Source material below:
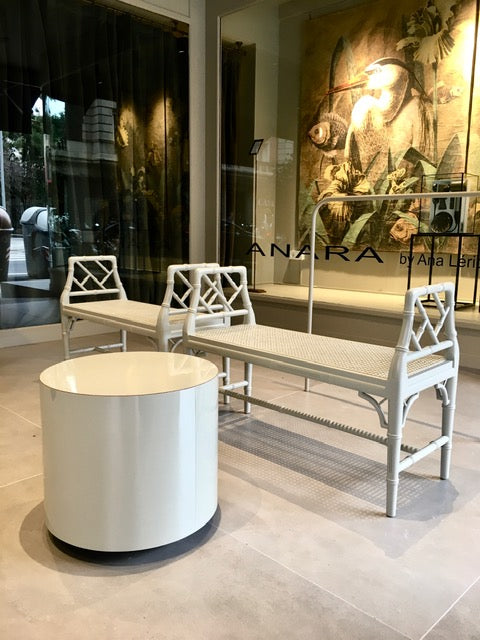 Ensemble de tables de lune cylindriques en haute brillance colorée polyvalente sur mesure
End of Source material.
Source material below:
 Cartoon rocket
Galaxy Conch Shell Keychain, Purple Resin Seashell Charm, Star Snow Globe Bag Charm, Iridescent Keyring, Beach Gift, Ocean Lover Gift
End of Source material.
Source material below:
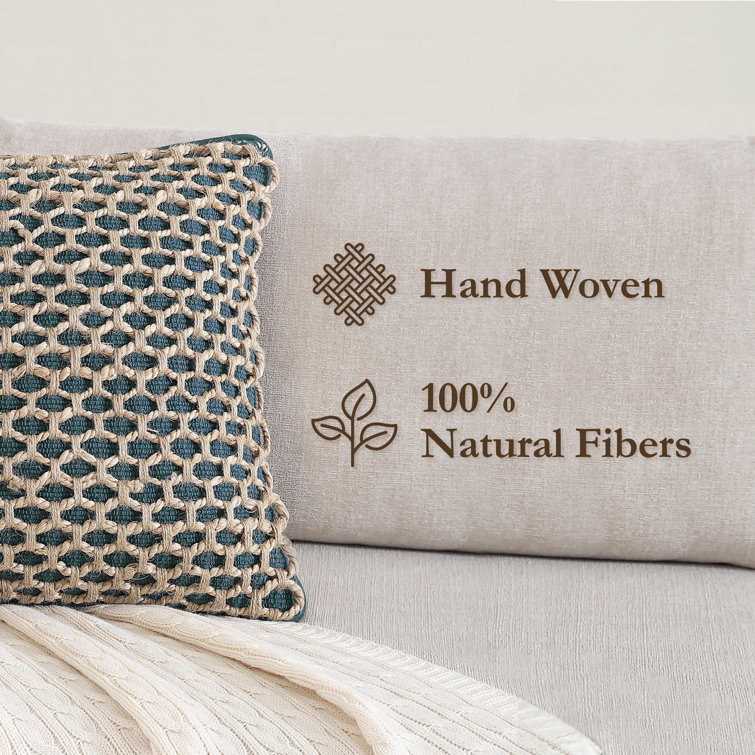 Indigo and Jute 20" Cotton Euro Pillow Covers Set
End of Source material.
_Requirement:_ Looking at the records above, return exactly the lines from the line with "Cartoon rocket" to the line with "Galaxy Conch Shell", both ends included.

_Exercise answer:_
 Cartoon rocket
Galaxy Conch Shell Keychain, Purple Resin Seashell Charm, Star Snow Globe Bag Charm, Iridescent Keyring, Beach Gift, Ocean Lover Gift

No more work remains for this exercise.